According to TNB, domestic energy demand is expected to rise 3% per annum until 2030, following a substantial doubling of demand over five years. The surge is prompting the government to put a greater emphasis on renewables and green energy. Time, however, is running out for the country to diversify. Malaysia has just over 30 more years of sufficient reserves of natural gas, and less than 20 years of oil reserves.


According to TNB, the country’s generating capacity is increasing by no less than 3% per year, in line with the rise in demand, following a 20% increase between 2000 and 2009. A primary part of TNB’s business is energy generation, which consists of thermal generation facilities as well as major hydropower generation plans primarily located in Peninsular Malaysia. According to TNB’s 2016 annual report, the power company has a total generating capacity of over 12,000MW, provides an equivalent availability factor (EAF) of 89.3%, and manages an equivalent unplanned outage factor (EUOF) of 3.74%. Over 90% of the country’s power is generated by oil, natural gas, and coal. Of TNB’s 12,000MW, 5,694MW comes from gas power stations, 3,971MW from coal power stations, and 2,347MW from hydropower stations. This correlates to generation fuel mix of approximately 45.2% from gas, 50.8% from coal, 3.5% from hydropower, and less than half a percent from other sources. TNB’s transmission infrastructure allows for a maximum of 17,788MW, as of April 2016. It operates a transmission network of approximately 22,478km, with 426 transmission substations and 1,218 transformer units.

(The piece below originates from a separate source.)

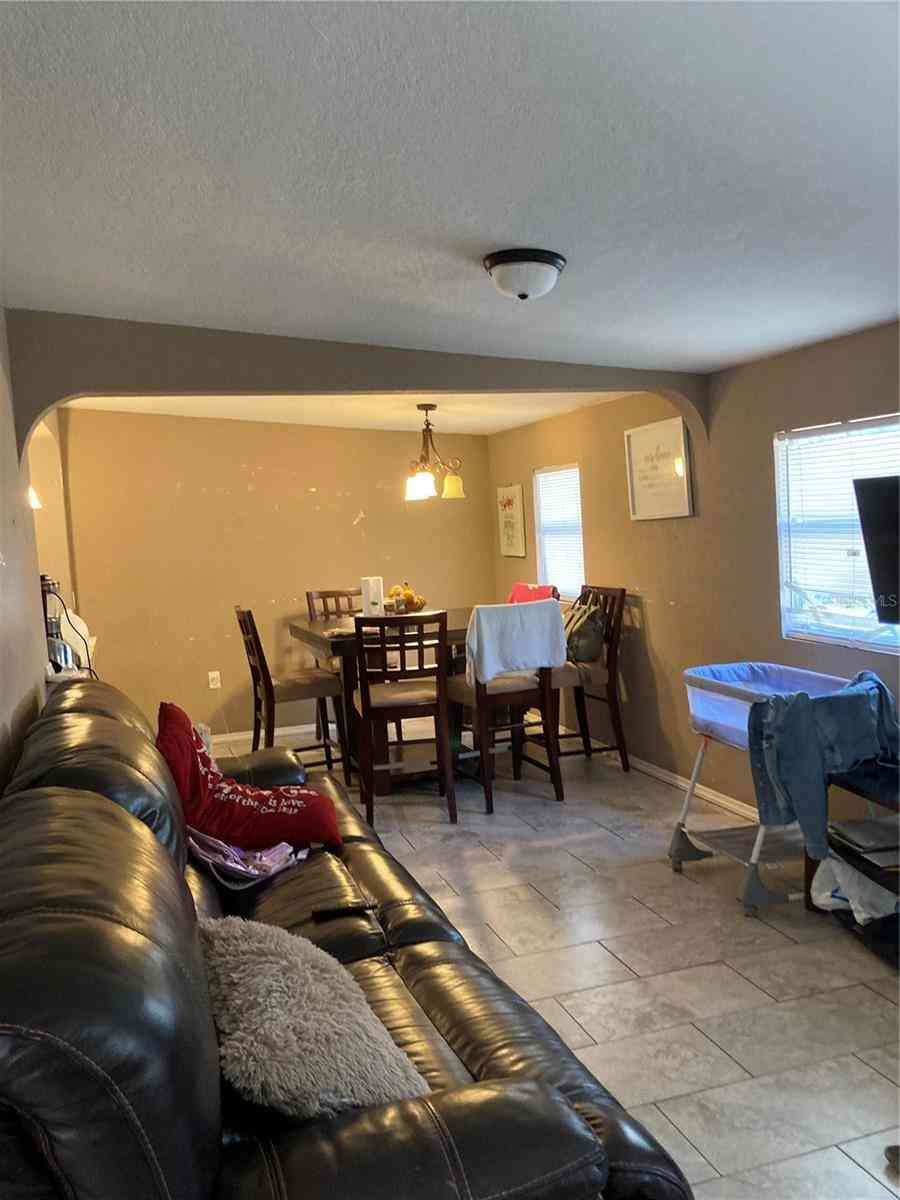 36940 Howard Avenue, DADE CITY, Florida image 10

TNB is also responsible for transmission, to customers linked to both the large industrial grid and those otherwise. Transmission time in system minutes takes approximately 1.47 minutes, having remained below the two-minute threshold since 2009, while the system availability is at a reliable 99.77%. TNB’s transmission system is also highly reliable, maintaining a low transmission loss of 1.28% along with zero tripping with load loss for its 500KV and 275KV system.

According to the Malaysia Energy Information Hub (MEIH), the demand for energy in 2014 was over 52,000ktoe, with the transport sector accounting for the highest demand, with 24,327ktoe, followed by the industrial sector at 13,162, and then the residential and commercial sector with 7,458. Actual consumption levels varied significantly; MEIH reports that final electricity consumption for 2014 was at 11,042ktoe, with the industrial sector accounting for 5,072ktoe, the commercial sector using 3,566ktoe, and the residential sector using 2,346ktoe.


The MEIH states that the country possessed almost 5.8 billion barrels of oil as of 2014, half of which is located on Peninsular Malaysia. This places the country in 27th place in terms of international proven reserves. Production has been on a steady decline since its peak in 2003, when the country produced 290 million barrels. In 2014, the country produced just over 220 million barrels of oil, according to the MEIH. In the same year, the country reportedly exported approximately 11,831ktoe of crude oil condensates, while it imported 9,780ktoe. Exports have been on the decline since 1992, aside from a short-lived increase in 2010, while imports have been slowly increasing following a drastic rise in 2000. Malaysia currently has six oil-fired power stations. Domestically, motor fuel is by far the most consumed oil product, accounting for exactly 12,705ktoe of the almost 30,000ktoe consumed in the country in 2014.

A close second was diesel fuel, at 10,161ktoe. Coal plays a large role in Malaysia’s energy scheme. While production has fallen in recent years, to approximately 1,694ktoe in 2014, production rose rapidly over a ten year span, form 107ktoe in 2003 all the way to 1,824ktoe in 2013. Malaysia has a total of 1.9 billion tons of indicated coal reserves throughout the country, with a majority, approximately 963 million tons, located in the state of Sarawak. Coal consumption has remained relatively steady since 2009, hovering within 100ktoe from 1,700ktoe.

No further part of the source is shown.